- [WHAT YOU WILL DO]: Output each of the entries exactly, skipping every picture they contain.

- [AVAILABLE RECORDS]:
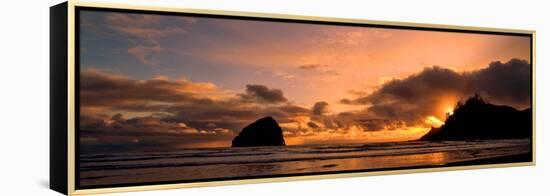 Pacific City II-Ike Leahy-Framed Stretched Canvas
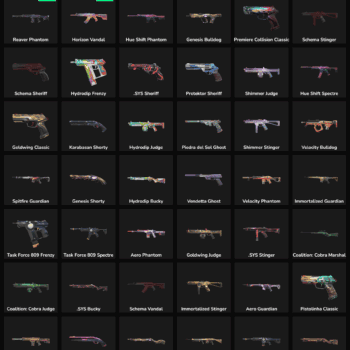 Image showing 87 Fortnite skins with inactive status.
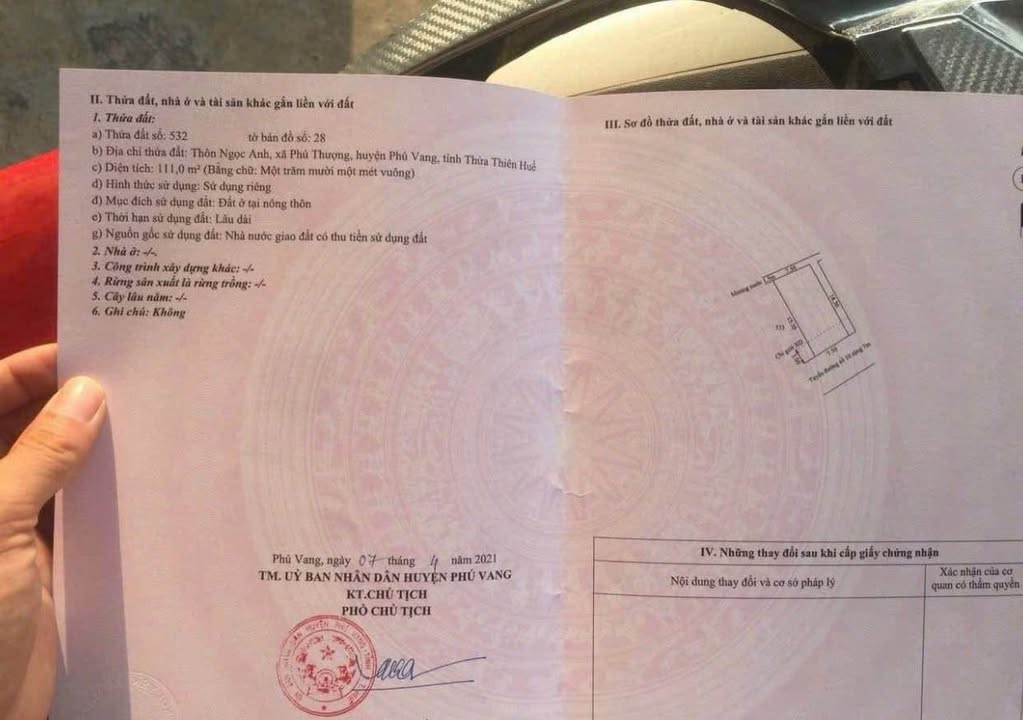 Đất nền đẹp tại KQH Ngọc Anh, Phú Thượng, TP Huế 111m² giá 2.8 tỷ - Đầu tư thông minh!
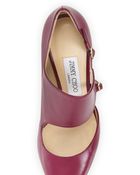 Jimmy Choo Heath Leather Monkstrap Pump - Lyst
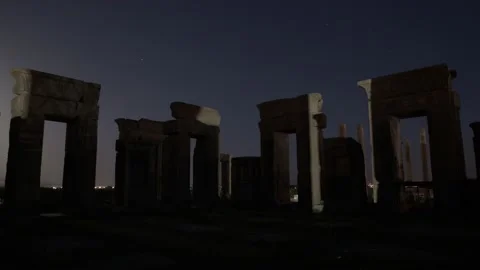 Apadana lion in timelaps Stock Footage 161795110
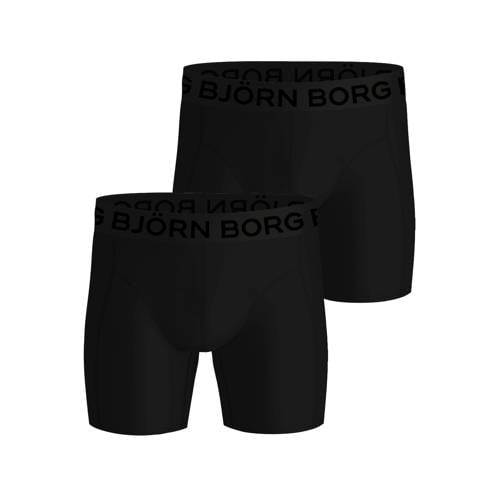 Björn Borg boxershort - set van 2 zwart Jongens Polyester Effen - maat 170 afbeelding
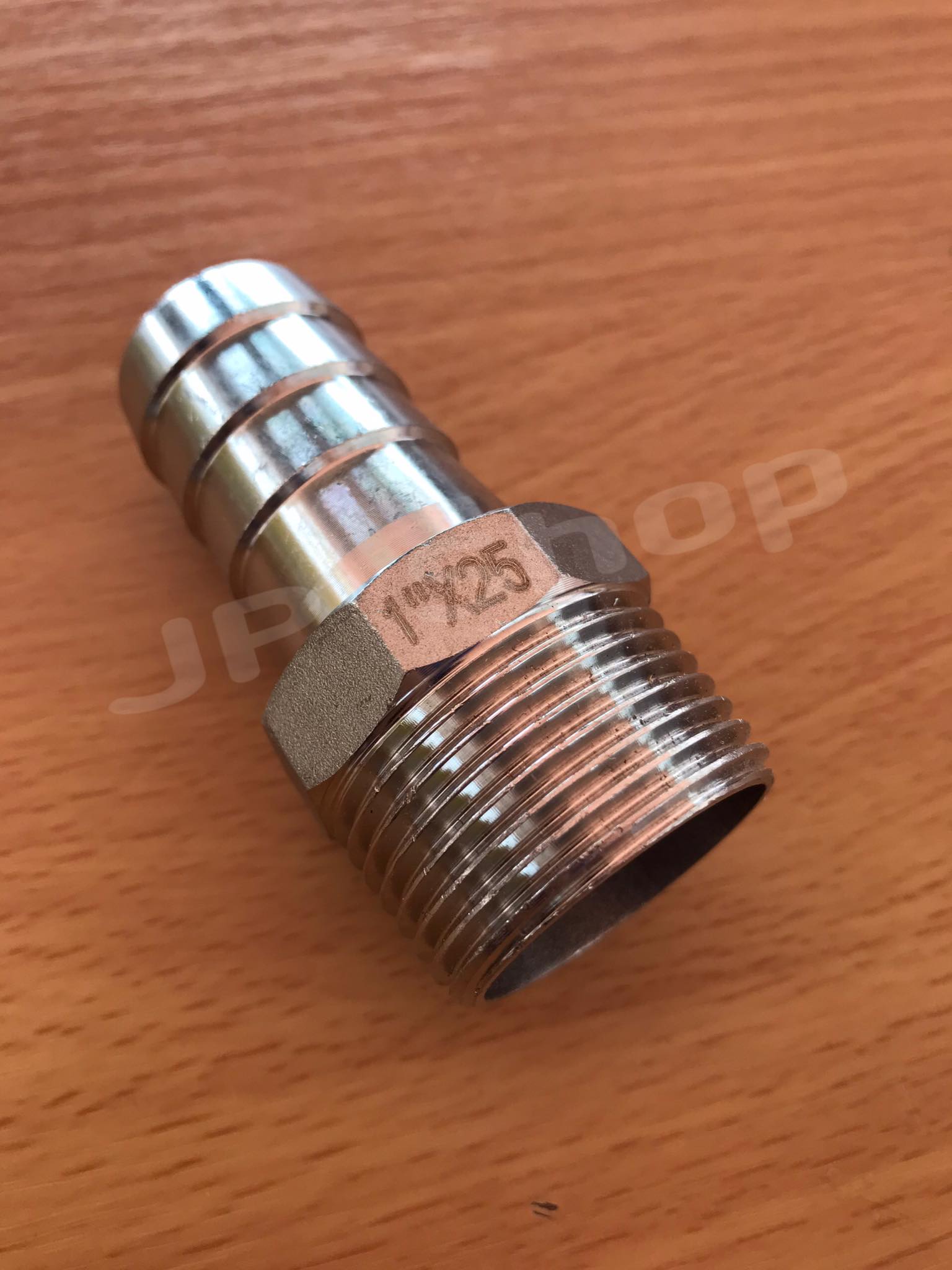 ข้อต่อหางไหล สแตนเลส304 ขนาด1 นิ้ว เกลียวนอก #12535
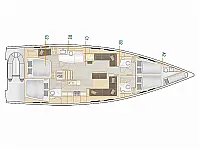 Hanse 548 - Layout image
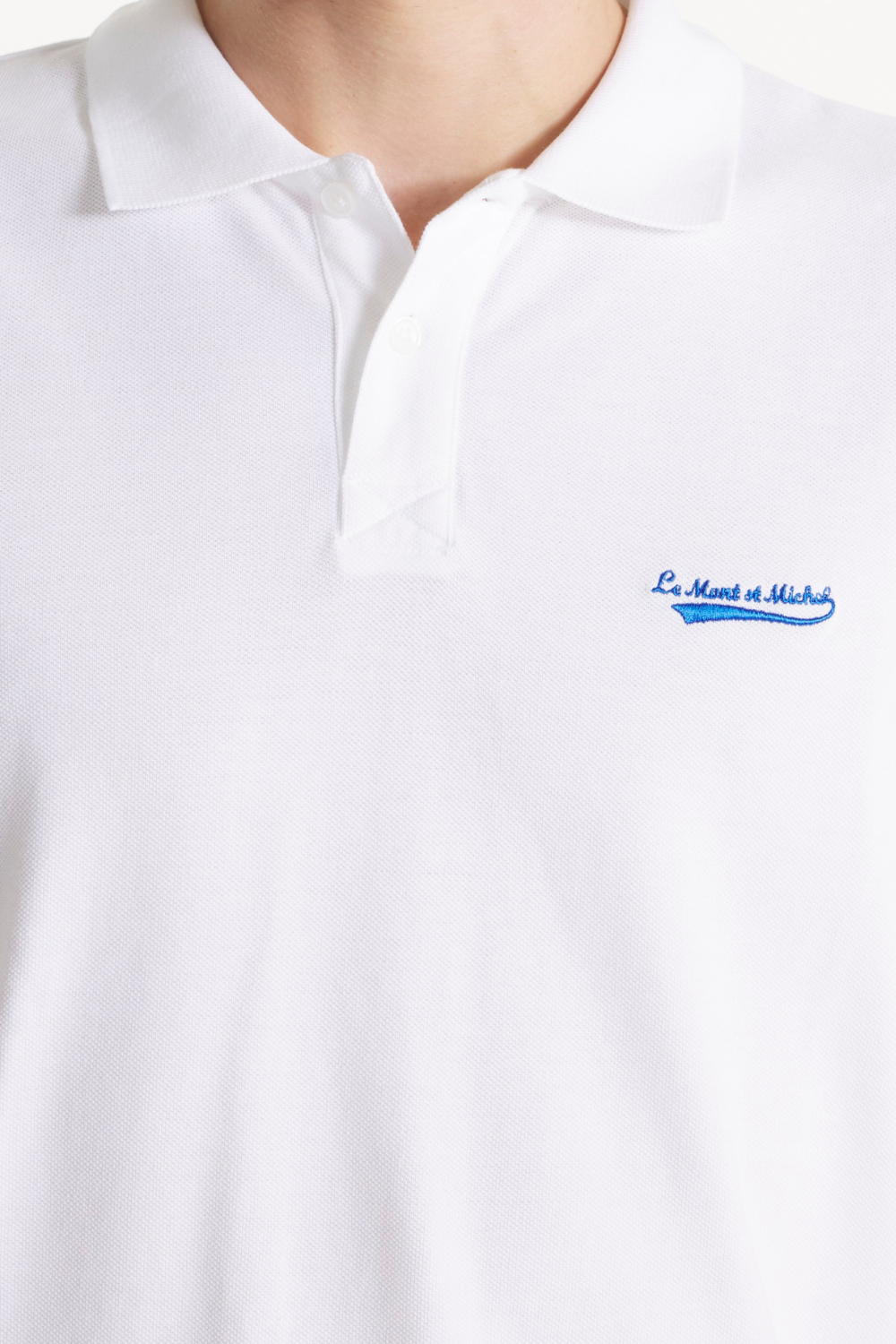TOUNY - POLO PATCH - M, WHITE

- [COMPLETED TASK]:
 Pacific City II-Ike Leahy-Framed Stretched Canvas
 Image showing 87 Fortnite skins with inactive status.
 Đất nền đẹp tại KQH Ngọc Anh, Phú Thượng, TP Huế 111m² giá 2.8 tỷ - Đầu tư thông minh!
 Jimmy Choo Heath Leather Monkstrap Pump - Lyst
 Apadana lion in timelaps Stock Footage 161795110
 Björn Borg boxershort - set van 2 zwart Jongens Polyester Effen - maat 170 afbeelding
 ข้อต่อหางไหล สแตนเลส304 ขนาด1 นิ้ว เกลียวนอก #12535
 Hanse 548 - Layout image
TOUNY - POLO PATCH - M, WHITE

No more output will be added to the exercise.